He said defeated candidates were wrong to believe that by using street protests as a pressure tool, they can compel officials to accept their illegal demands. This would be the start of a dictatorship.

He dismissed charges by Mousavi supporters of fraud. Iran's laws do not allow vote-rigging, especially at the level of 11 million, he said, referring to Ahmadinejad's victory margin.

The enemies of Iran, the world's fifth biggest oil exporter, were targeting the legitimacy of the Islamic establishment by disputing the outcome of the election, he said.

State television coverage showed Ahmadinejad and defeated candidate Mohsen Rezaie attending Khamenei's speech.

There was no sign of Mousavi or two former presidents who have backed him -- reformist Mohammad Khatami and the powerful Akbar Hashemi Rafsanjani, who clashed with Ahmadinejad before the election in a rare display of leadership division.

The supreme leader, Iran's ultimate authority, in theory stands above the factional fray, but Khamenei acknowledged his views on foreign and domestic policy were closer to those of the hardline Ahmadinejad than of Rafsanjani.

He attacked what he called interference by foreign powers which had questioned the result of the election.

American officials' remarks about human rights and limitations on people are not acceptable because they have no idea about human rights after what they have done in Afghanistan and Iraq and other parts of the world.
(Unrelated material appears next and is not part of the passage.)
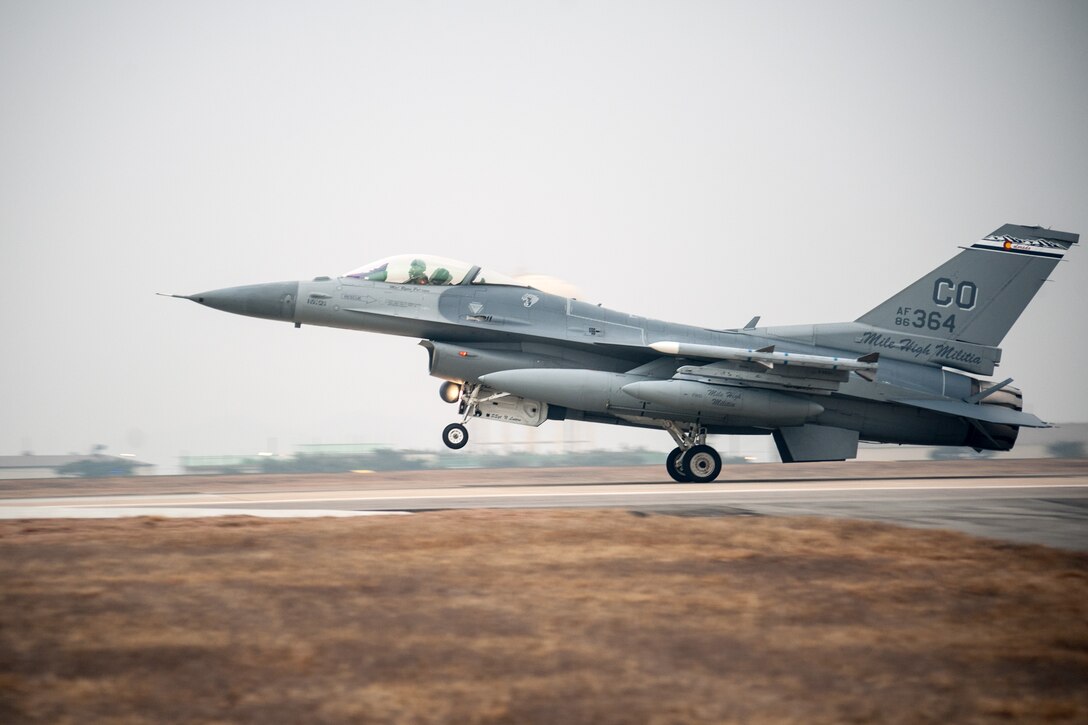 An F-16 Fighting Falcon from the 140th Wing, Colorado Air National Guard, touches down on the runway at Kunsan Air Base, Republic of Korea, Feb. 15, 2015. The 140th jets along with more than 200 Airmen are temporarily stationed at Kunsan for three to four months as part of a rotational Theater Security Package. (U.S. Air Force photo by Senior Airman Taylor Curry/Released) 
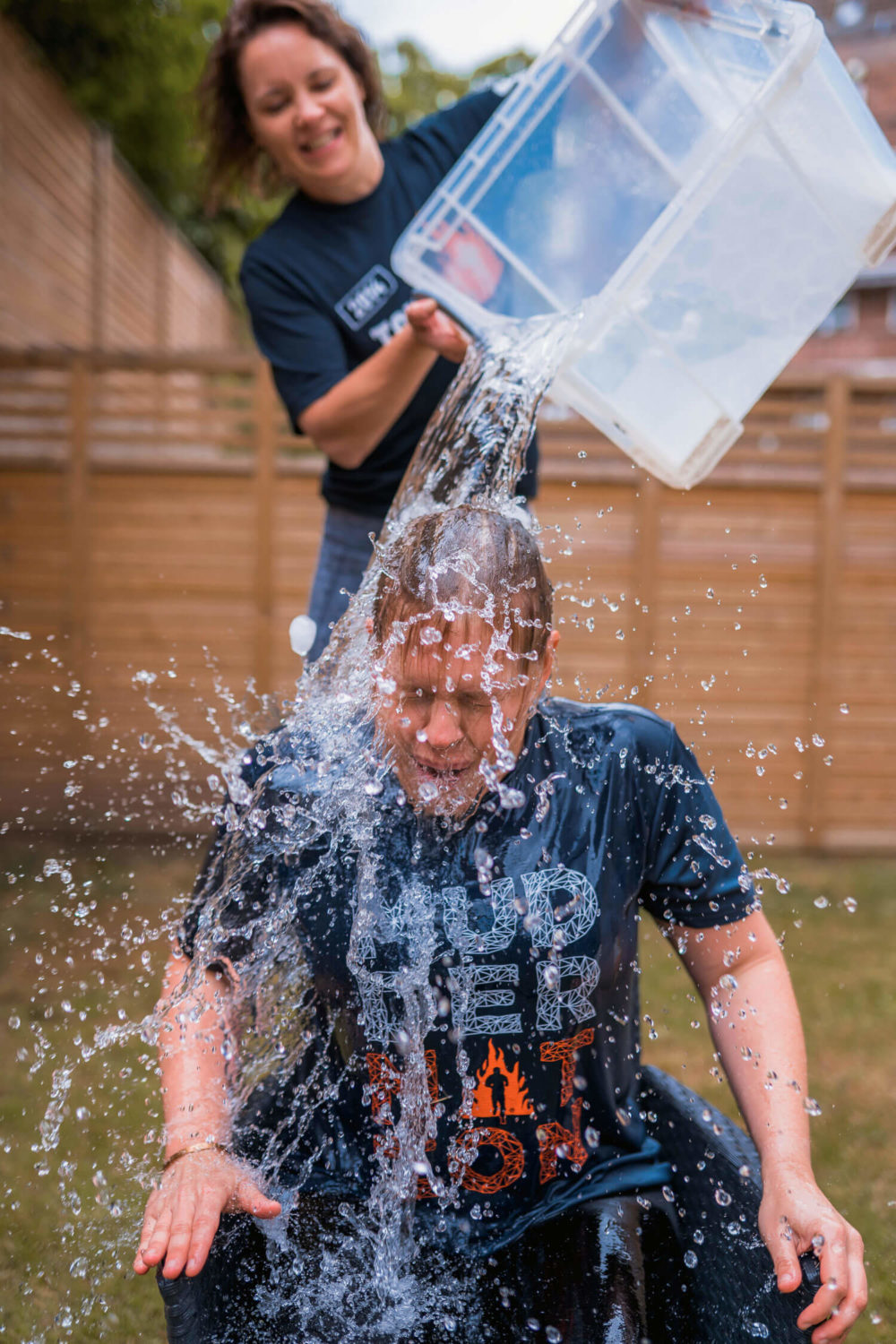 Participant pouring water to another participant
We do not need advice on human rights from them, he said.

Many European countries and international human rights organizations have criticized the election and its aftermath, but U.S. President Barack Obama's administration has muted its comments to keep the door ajar for possible dialogue.

People chanting slogans and holding posters of Khamenei, Ahmadinejad and the late Ayatollah Ruhollah Khomenei, the father of the 1979 Islamic revolution, packed streets outside the university.

Outside the university compound, thousands listened intently to his speech booming from loudspeakers set up along the street, at times cheering and chanting to voice their approval for his words.

At the same venue, hundreds of university students had demonstrated in support of Mousavi on Sunday, throwing stones at riot police trying to disperse protesters outside the gates.

With this speech, the leader has finished all problems, one middle-aged cleric in the crowd said afterwards. The differences between the politicians will be resolved.

Some in the crowd for Friday prayers were draped in Iranian flags. Others held placards with anti-Western slogans.

Don't let the history of Iran be written with the pen of foreigners, one flyer said, reflecting official Iranian anger at international criticism of the post-election violence.